A transcript is available below if you prefer to read through the interview.
Adam Hendel: I’m Adam Hendel. I’m a principal machine learning engineer at Shipt. Primarily right now we work on our machine learning platform.
Gideon Mendels: Awesome.
Anuradha Uduwage: I’m Anuradha Uduwage and I’m director of machine learning engineering and leading the machine learning platform team, uh, at Shipt.
Gideon Mendels: Awesome, so you know, one of the things I wanna spend, I definitely wanna dig in and hear more about your platform, but maybe on a high level, what are some of, kind of, the areas that, your internal customers, and Shipt in general, what are some of the problems you’re solving with machine learning?

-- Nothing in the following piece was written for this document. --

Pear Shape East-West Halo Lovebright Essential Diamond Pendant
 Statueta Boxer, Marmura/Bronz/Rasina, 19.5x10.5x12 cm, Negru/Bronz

Anuradha Uduwage: There are two sides of this problem. One is training the models. And data scientists come from multidisciplinary areas, so, as a result of that, we want them to have the most easiest path that they can do their best work on focusing on modeling work and we take care of the rest of the stuff. All the way from firing up, uh, resources, and then when it comes to the model is ready, , serving that model, at run time– and within, certain SLAs. So that’s kind of the two areas of the challenges that we are currently solving.
Gideon Mendels: So, kind of again, in the realm of like the more of the development side, definitely wanna hear more about, the serving, we’ll get there in a second. So, you’re using Airflow to orchestrate these jobs. How do you manage, like, you know, you mentioned Snowflake for the feature store, offline feature store. How do you manage kind of all the Artifacts, the output of the train model, binaries– and, really, like, you know, experimentation metrics, hyperparameters. How do you guys handle all that?

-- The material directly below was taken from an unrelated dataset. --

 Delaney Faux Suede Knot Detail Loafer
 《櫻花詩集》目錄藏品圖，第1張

Adam Hendel: Yeah, so that’s Comet. Yeah, so anytime somebody is training a model, whether it’s in Airflow, so it’s more formalized, or it’s in JupyterHub, or on a local machine, we just use Comet’s Python SDK, and log everything to that particular team and project’s workspace in Comet. So, it’s pretty non-invasive, you know, it’s just kind of like a passive thing. It all just gets logged into Comet. And then when it’s like, hey, you have that one model that, this one is more ready than others–
Gideon Mendels: Yeah.
Adam Hendel: –promote the model from the experiments into the, into the Registry and that all happens like, within Comet.

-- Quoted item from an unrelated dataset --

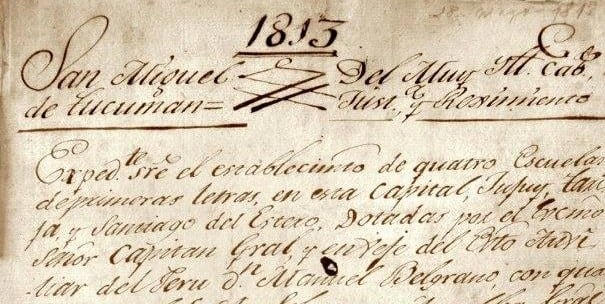 Primera hoja del reglamento que el propio Belgrano redactó para el funcionamiento de las cuatro escuelas que proyectó crear con el premio que el gobierno le otorgó por sus victorias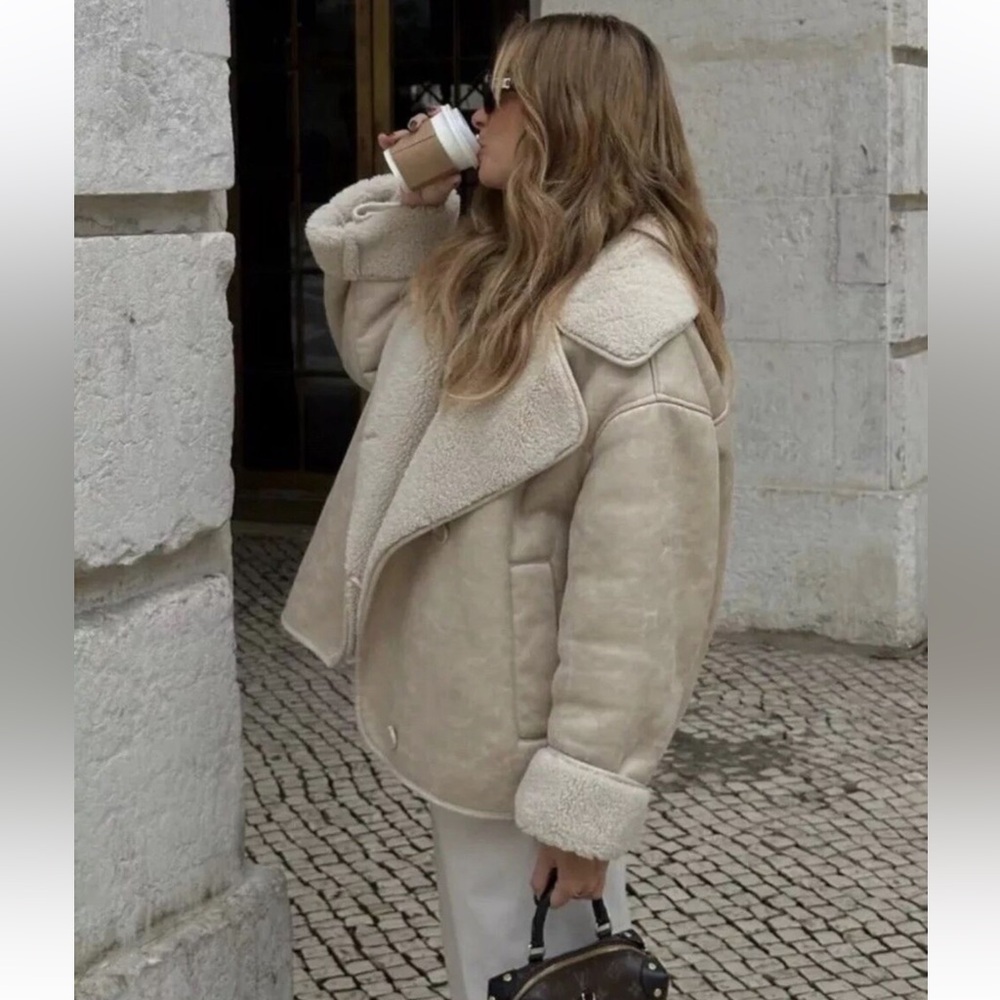 ZARA — FAUX SHEARLING JACKET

Gideon Mendels: So, within Comet, you have a data scientist after they’re kind of finished with their first stage of research and they feel like they have a model that they want to promote, they just use the Comet UI, they put it in the Registry, and then, you know, what happens after that? So, I’m assuming you have lots of models in your Registry. What does it look like from a platform team? How do you manage that?
Anuradha Uduwage: Yeah, so we have staging Comet–
Gideon Mendels: Okay.
Anuradha Uduwage: –and then we have production instance and staging. So, during the model training runs, they could do these experiments, just log everything. And once they are ready, we can promote that to the retrain the model on the production environment and send it to Comet production instance. That’s where the models actually get served for production episodes.
Gideon Mendels: So, how do you, as a platform team, how do you think, kind of, like, on a more high level about creating this, like, consistent, but also, very flexible experience for your data scientists?
Anuradha Uduwage: Yeah, that’s the work that we kicked off as like the, our next version of our platform–
Gideon Mendels: Yeah.
Anuradha Uduwage: –because what we want to do is from project creation– like inception-level, to deployment. We want a consistent code-based structure and deployment structure. So, so, even when the data scientists are doing code review stuff–it’s not foreign to them, right? So they all follow a similar structure. So, that’s like the challenge that you were talking about–
Gideon Mendels: Yeah.
Anuradha Uduwage: –like how you provide a consistent platform. And also, we want to make sure that their experimentation work, right, like, that’s the key part of understanding what you did and how can you rely on what you did, and incrementally improve. So, Comet makes it much easier for us to carry that work. By exposing through our, platform packages, it allows us to kind of allow data scientists to track that experimentation, make sure in the production, what we, they put out, they have already seen, what’s going to happen in the production, through their various experimentation.
Gideon Mendels: You guys mentioned, kind of, your serving component. Can you walk me through, like, really high-level, what does that look like? ‘Cause I know that’s something the team has spent so much effort on and it’s working really well. So, I’m sure a lot of people would be excited to hear more.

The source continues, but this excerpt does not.